March 22nd, 2005


Quote of the Day

I’m creating a game called Elfy Elferston in which the players are all half-elves. Chargen consists of deciding if your other half is dragon, faerie, demon, or raccoon

- from here.

Meanwhile, I spent most of today hacking my carefully written error-handling code into little bits because it wasn't flexible enough.  That's what I get for following the Microsoft standards...  This iteration's testing phase just started, so I won't get to refactor my code into something more aesthetic until April.

Tonight was supposed to be gaming, but due to the GM having a boiler emergency, my venture into the Nightmare of Future Past will have to be postponed for another week.  Instead I shall be, once more, trying to wrap my head around asynchronous calls in C#.

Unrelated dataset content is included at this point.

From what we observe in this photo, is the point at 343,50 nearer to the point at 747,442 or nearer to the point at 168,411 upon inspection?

Or watching The West Wing, whichever one sounds like more fun :->
running lego man


A study was released today which shows that 25% of all zombie drone PCs on the internet are based in the UK.

This is quite obviously because people _don't look after their PCs_ (and, of course, insist on using vulnerable Operating Systems).  The answer, it seems to me, is to prevent these people from inadvertently spewing email to the four corners of the earth.  The answer, it seems to me, is remarkably obvious.

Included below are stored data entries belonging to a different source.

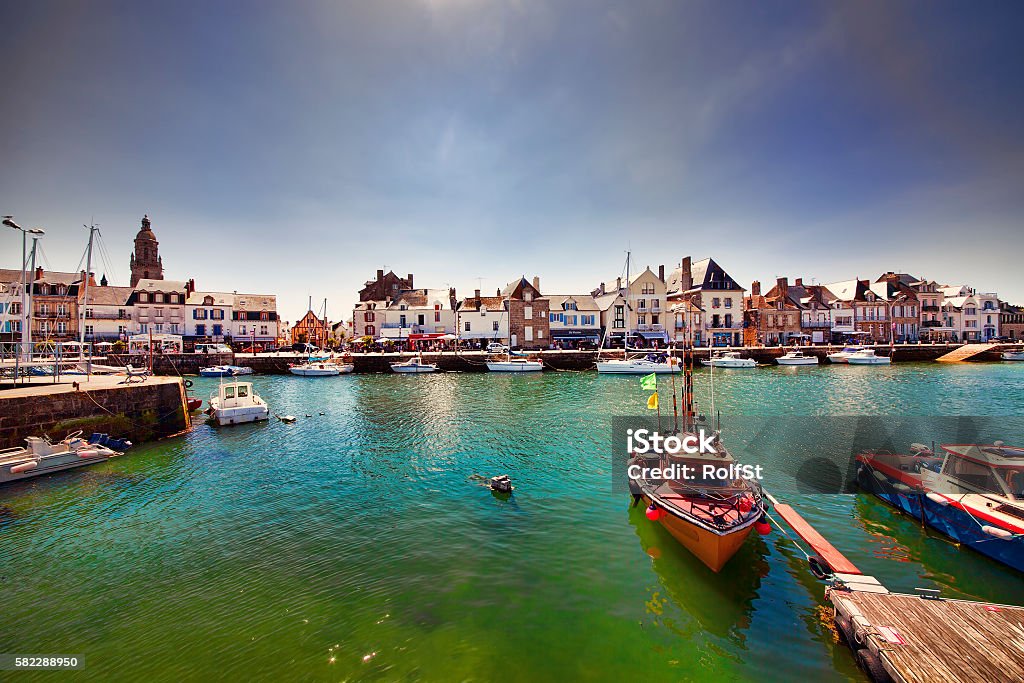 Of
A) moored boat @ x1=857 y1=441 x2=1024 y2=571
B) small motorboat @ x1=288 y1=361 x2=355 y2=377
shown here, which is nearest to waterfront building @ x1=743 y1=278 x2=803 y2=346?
moored boat @ x1=857 y1=441 x2=1024 y2=571

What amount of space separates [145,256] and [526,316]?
8421cm

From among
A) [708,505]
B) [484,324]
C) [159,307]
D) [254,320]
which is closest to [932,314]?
[484,324]

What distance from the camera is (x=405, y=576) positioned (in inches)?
426

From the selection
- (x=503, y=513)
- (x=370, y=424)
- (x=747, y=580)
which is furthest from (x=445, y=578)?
(x=370, y=424)

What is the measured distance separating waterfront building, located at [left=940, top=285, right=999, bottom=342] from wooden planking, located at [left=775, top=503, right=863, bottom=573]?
10374 centimetres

And not the firewalls you install on your PC, get in the way of things and are so much trouble that they frequently get turned off by frustrated users (although I recommend those too) - I mean a _managed_ firewall.  This sits at the ISP end and blocks all incoming traffic that you haven't specifically asked for.  So if you're confident that you want port 80 open, then you use a webform to open that port up - and if you're not technical to manage that much, then you're perfectly safe from incoming nastiness.

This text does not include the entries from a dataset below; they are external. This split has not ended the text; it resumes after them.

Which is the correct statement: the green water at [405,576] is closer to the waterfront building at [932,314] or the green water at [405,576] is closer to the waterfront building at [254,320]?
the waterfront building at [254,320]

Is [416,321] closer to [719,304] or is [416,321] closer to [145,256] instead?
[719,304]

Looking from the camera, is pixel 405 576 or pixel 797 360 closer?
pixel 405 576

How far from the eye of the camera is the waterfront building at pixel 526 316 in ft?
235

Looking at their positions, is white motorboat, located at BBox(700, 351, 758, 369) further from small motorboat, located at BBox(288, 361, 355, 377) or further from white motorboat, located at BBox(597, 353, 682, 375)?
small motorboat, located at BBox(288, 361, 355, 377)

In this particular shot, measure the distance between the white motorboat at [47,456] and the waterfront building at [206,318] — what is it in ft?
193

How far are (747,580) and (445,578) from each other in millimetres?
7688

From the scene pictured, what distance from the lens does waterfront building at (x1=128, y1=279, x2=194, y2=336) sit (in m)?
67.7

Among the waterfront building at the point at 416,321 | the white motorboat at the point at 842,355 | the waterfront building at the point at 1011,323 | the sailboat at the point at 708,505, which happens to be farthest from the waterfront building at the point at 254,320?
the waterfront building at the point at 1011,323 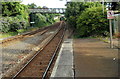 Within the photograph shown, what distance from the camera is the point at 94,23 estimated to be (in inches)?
859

It's not a perfect solution, but it'd save an awful lot of heartache, solve the problems that vast numbers of people have with their PCs being insta-hacked and make the internet that much safer for mankind.

The only problem is that it would undoubtably break some people's applications when it was first switched on, which would mean that more helpdesk calls occurred.  And nobody wants to pay for that, especially if their competitors aren't.  Which means the only way to make it happen is through regulation - imposing a minimum level of service on broadband in the same way that we do for any other utility we want to make safe for the public good.